Location
- 1 Corey Avenue Three Rivers, New Brunswick Canada 45°56′03″N 65°10′45″W﻿ / ﻿45.9341°N 65.1793°W

Information
- Type: Public Secondary
- Motto: "Semper Hodie Non Cras" (Always Today, Never Tomorrow)
- Established: 1951
- School district: Anglophone East School District
- Superintendent: Randolph MacLean
- School number: 1604
- Principal: Yvan Pelletier
- Vice principals: Tracy Johnston-Lovely, Nathaniel Fells, & Meg Stead
- Staff: 48
- Grades: K - 12
- Enrollment: 700+
- Colours: Maroon and Gold
- Mascot: Panther
- Website: prs.nbed.nb.ca

= Petitcodiac Regional School =

Petitcodiac Regional School is a combined primary and secondary public school located in Three Rivers, New Brunswick, Canada.

It was originally built in 1951 and presently houses approximately 700 students from Kindergarten through grade 12 with a staff of approximately 48 teachers.
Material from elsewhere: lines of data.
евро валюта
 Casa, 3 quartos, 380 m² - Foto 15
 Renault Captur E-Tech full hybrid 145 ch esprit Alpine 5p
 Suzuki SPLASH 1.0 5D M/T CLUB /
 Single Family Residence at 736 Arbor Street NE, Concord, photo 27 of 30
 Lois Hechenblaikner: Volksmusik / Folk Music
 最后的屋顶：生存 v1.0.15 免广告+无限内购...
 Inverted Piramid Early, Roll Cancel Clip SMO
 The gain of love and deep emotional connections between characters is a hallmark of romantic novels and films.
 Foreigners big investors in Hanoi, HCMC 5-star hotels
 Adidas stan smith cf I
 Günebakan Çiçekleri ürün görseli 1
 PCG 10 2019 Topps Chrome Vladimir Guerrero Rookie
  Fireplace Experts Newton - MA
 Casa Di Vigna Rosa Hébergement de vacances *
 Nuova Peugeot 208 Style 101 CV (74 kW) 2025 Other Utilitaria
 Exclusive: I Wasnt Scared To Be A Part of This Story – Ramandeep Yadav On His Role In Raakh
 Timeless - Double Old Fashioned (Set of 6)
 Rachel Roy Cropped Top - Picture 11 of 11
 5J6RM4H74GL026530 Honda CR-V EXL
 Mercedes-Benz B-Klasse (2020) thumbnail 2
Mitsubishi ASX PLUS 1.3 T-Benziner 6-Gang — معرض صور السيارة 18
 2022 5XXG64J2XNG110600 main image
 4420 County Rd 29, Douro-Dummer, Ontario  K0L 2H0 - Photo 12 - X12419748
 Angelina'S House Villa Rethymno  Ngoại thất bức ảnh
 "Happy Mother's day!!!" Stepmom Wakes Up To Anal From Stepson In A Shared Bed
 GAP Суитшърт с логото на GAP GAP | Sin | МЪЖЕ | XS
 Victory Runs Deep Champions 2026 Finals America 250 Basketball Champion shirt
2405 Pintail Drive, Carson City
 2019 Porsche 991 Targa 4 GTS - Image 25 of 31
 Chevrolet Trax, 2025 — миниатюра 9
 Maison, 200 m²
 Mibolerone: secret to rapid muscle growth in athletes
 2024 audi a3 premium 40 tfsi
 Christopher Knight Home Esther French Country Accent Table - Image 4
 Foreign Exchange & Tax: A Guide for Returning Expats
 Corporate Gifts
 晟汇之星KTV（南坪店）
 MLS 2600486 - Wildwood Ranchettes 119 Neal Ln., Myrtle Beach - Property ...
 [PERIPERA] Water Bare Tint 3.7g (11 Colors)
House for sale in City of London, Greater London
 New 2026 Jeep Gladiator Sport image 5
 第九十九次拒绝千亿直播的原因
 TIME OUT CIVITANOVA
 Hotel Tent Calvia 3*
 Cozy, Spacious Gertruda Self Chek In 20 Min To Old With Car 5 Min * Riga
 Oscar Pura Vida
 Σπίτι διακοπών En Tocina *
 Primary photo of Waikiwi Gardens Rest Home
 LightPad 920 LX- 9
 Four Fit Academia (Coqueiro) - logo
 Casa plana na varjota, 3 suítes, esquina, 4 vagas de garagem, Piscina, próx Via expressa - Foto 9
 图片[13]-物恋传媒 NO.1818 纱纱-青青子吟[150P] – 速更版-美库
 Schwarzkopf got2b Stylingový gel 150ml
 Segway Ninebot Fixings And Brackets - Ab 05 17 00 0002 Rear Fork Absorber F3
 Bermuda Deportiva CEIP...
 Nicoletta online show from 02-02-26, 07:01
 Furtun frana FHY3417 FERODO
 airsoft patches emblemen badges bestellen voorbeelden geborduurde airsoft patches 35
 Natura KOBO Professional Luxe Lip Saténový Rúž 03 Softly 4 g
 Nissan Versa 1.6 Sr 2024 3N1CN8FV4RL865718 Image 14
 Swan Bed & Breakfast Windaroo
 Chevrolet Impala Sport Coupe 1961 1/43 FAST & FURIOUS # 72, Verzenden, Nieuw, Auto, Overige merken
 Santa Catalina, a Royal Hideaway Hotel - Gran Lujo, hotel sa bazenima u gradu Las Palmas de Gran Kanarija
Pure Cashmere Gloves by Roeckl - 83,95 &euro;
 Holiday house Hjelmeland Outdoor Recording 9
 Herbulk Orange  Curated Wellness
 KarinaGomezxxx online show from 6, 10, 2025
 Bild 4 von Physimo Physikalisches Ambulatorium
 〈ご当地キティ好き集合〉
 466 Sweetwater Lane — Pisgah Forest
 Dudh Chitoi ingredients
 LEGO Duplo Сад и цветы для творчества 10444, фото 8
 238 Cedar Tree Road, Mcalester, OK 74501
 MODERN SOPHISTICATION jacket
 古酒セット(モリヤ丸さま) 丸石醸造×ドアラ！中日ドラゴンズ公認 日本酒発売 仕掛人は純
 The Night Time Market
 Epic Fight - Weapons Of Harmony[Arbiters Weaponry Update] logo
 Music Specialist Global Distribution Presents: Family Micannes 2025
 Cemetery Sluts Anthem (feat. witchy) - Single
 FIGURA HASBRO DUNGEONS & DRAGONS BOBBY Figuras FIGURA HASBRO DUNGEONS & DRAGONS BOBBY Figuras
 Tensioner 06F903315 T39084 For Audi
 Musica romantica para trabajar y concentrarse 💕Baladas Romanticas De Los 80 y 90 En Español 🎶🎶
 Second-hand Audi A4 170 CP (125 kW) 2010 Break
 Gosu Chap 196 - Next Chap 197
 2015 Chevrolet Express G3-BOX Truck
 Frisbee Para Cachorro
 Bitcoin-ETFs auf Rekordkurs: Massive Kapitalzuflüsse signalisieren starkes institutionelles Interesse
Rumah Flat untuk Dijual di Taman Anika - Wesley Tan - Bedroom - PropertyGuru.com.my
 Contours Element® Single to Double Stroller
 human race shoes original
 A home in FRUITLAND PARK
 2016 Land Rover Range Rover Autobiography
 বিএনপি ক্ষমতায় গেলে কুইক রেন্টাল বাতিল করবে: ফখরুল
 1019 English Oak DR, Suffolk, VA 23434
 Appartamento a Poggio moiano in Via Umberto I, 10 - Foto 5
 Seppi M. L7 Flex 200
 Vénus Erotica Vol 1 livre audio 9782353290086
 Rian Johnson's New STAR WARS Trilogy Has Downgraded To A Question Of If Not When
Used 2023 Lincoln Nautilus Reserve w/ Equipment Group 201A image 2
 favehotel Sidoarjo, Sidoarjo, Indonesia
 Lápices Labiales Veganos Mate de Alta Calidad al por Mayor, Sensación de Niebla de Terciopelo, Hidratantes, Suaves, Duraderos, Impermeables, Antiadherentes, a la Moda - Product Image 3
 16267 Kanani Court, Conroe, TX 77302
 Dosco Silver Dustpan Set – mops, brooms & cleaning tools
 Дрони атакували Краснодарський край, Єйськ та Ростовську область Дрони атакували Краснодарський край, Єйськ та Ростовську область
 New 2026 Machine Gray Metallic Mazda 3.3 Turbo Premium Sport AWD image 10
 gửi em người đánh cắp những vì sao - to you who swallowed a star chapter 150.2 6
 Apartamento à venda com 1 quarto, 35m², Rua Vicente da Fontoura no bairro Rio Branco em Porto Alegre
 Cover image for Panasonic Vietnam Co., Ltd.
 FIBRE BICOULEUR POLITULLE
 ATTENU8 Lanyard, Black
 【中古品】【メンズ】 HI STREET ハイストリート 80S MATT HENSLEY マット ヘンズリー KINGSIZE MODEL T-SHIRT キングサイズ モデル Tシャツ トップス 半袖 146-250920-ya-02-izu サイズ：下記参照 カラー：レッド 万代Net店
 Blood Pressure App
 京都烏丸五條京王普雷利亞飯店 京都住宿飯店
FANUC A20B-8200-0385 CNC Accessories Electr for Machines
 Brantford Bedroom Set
The school contains three unique and separate areas housing the elementary school, the middle school and the high school with a common gymnasium, art rooms, music rooms, wood shop, mechanics garage, welding shop, and cafeteria.

Grades Kindergarten-5 is elementary, 6-8 is middle school, and 9-12 is high school.